If your encounter with a police officer ended in an arrest, it's important to determine whether the police officer followed proper procedures and did not violate your rights in the course of the arrest. At the same time, you'll need to build a strong legal defense to fight the charges based on the evidence against you.
If the arresting officer violated your rights in the course of your interaction, it could potentially weaken the charges against you. You might even have grounds to sue the officer for misconduct or claim misconduct as part of your defense. However, to successfully challenge the conduct of a police officer, you must overcome his or her qualified immunity defense, something that's easier said than done.
Protecting your rights is always a significant concern, so make sure that you fully understand the legal tools that you have at your disposal to protect yourself and your rights.
What is the qualified immunity defense?
In theory, qualified immunity enables police officers to enforce the law without fear of unnecessary litigation by granting the officer immunity to many kinds of claims of misconduct.
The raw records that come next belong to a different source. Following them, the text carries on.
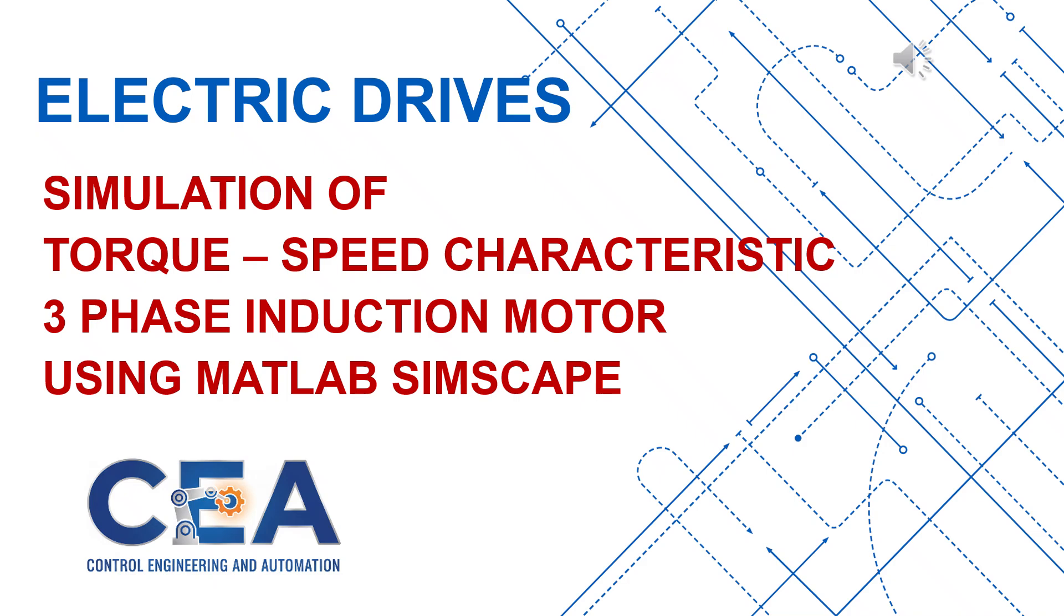In this lecture, we will simulate the torque speed characteristics of a three-phase induction motor using SimScape and MATLAB.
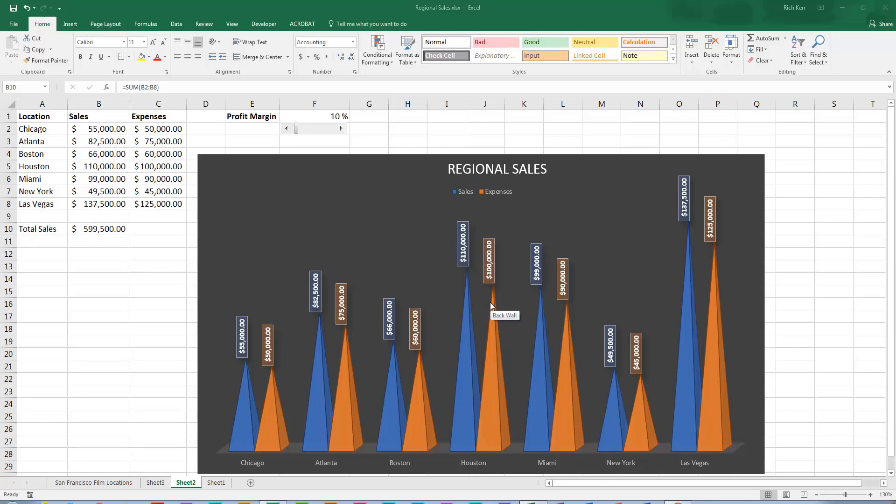Hi and welcome back to another Excel demo with Rich Kerr. In this scenario we're going to take a look at using the form control called a scroll bar to help us with data entry or the modification of data.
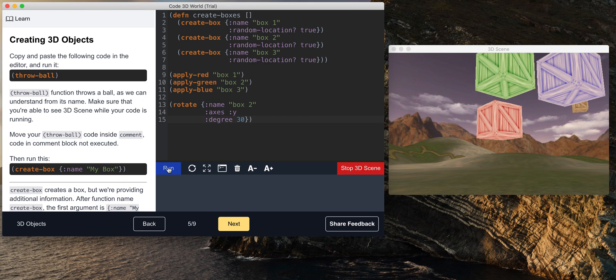Yeah. So download Code 3D World for more. That will be all. Thank you for watching. Good night.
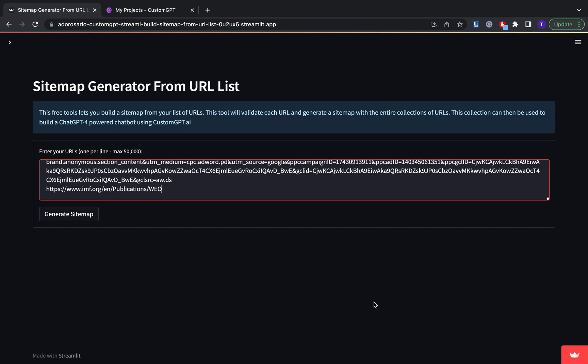So today I'm going to talk about sitemaps and basically how you can use sitemaps to build your custom GPT chatbot.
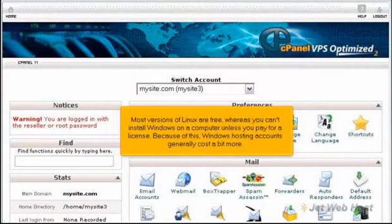Most versions of Linux are free, whereas you can't install Windows on a computer unless you pay for a license. Because of this, Windows hosting accounts generally cost a bit more.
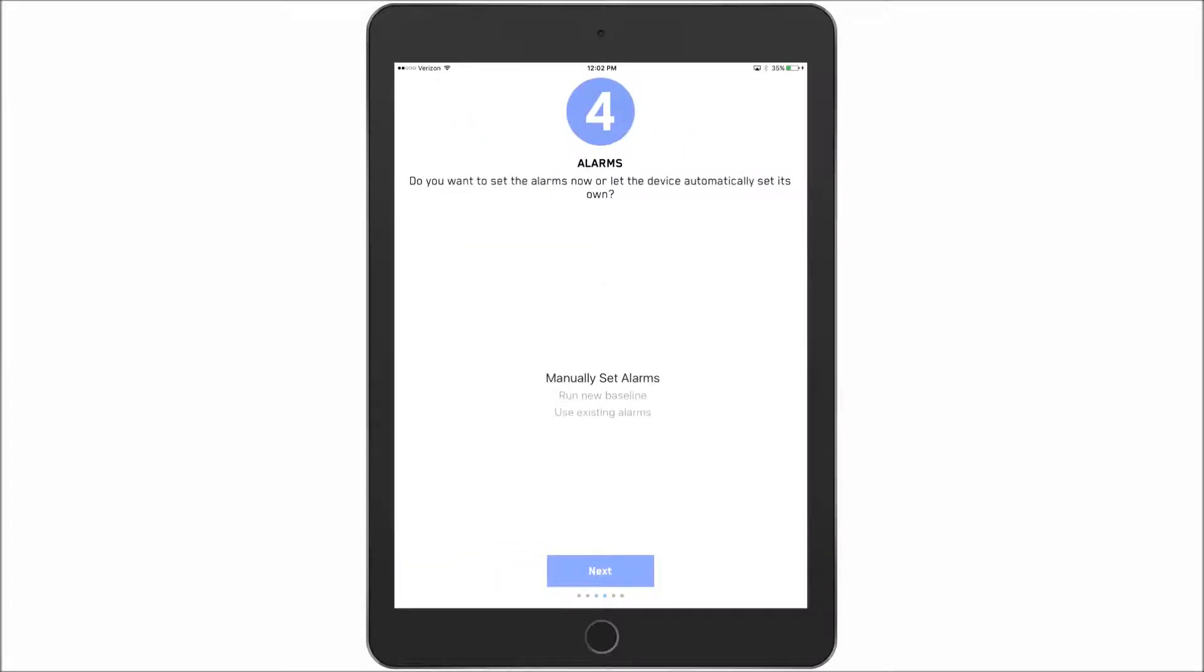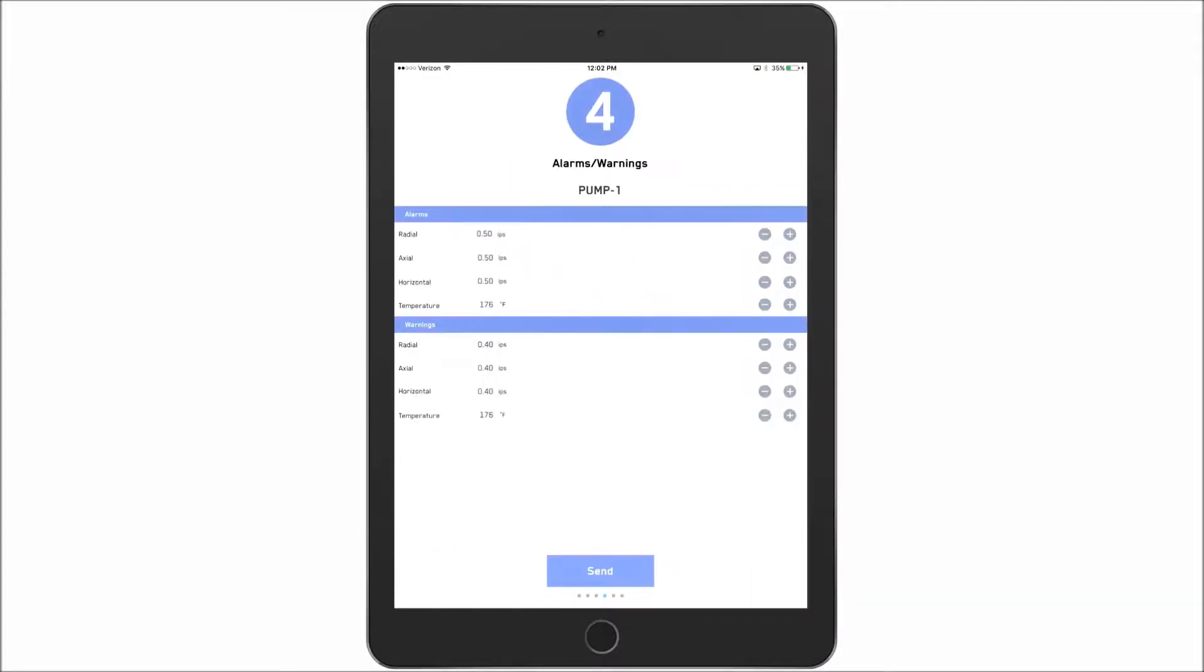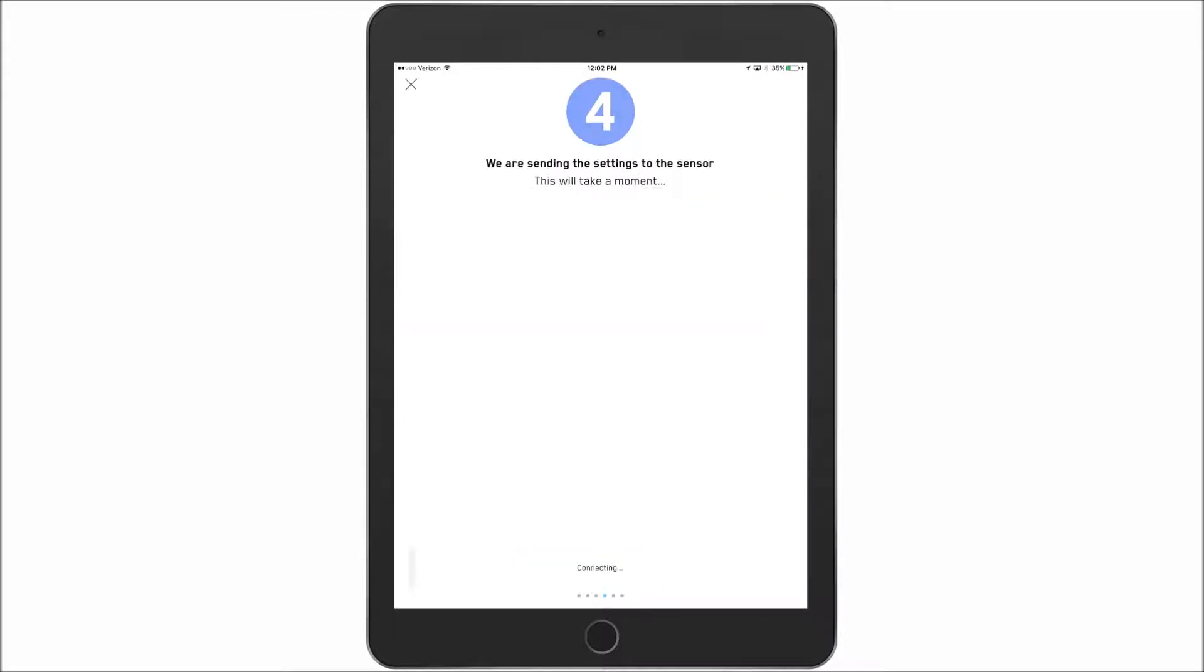And then it'll ask me how do I want to set the alarms? Do I want to do them manually? Do I want to run a new baseline which will take 25 run hours to complete? Or use what's already on the device? For this example we'll do manually set. And I can change say the warning down. And then I say send. And the app will now send those first set of parameters to the sensor and save them.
As long as the officer does not violate the constitutional or statutory rights of suspects during the stop, he or she may generally enforce the law without fear of facing legal consequences.
However, there are limits to this protection. If an officer commits unnecessary cruelty or otherwise violates a suspect's constitutional rights, he or she may still face prosecution. At the very least, this egregious behavior may forfeit the grounds to prosecute a crime if the officer broke the law while making an arrest.
Overcoming qualified immunity
In order to get past qualified immunity, you must present compelling evidence that the police officer(s) in question violated your constitutional or statutory rights. Commonly, these are violations of an individual's rights against cruel or unusual punishment, or the right against unlawful searches and seizures.
However you choose to approach the matter, you must demonstrate that some specific act by the officer violated your rights. This can take many forms, so be sure to carefully document the interaction you have with the officer and any resulting property damage or physical injuries.
Protecting your rights begins now
The sooner that you begin building a strong legal defense, the sooner you can begin protecting your interests and rights. Do your part to put an end to police brutality and mistreatment of suspects, making the streets safer for all in the process.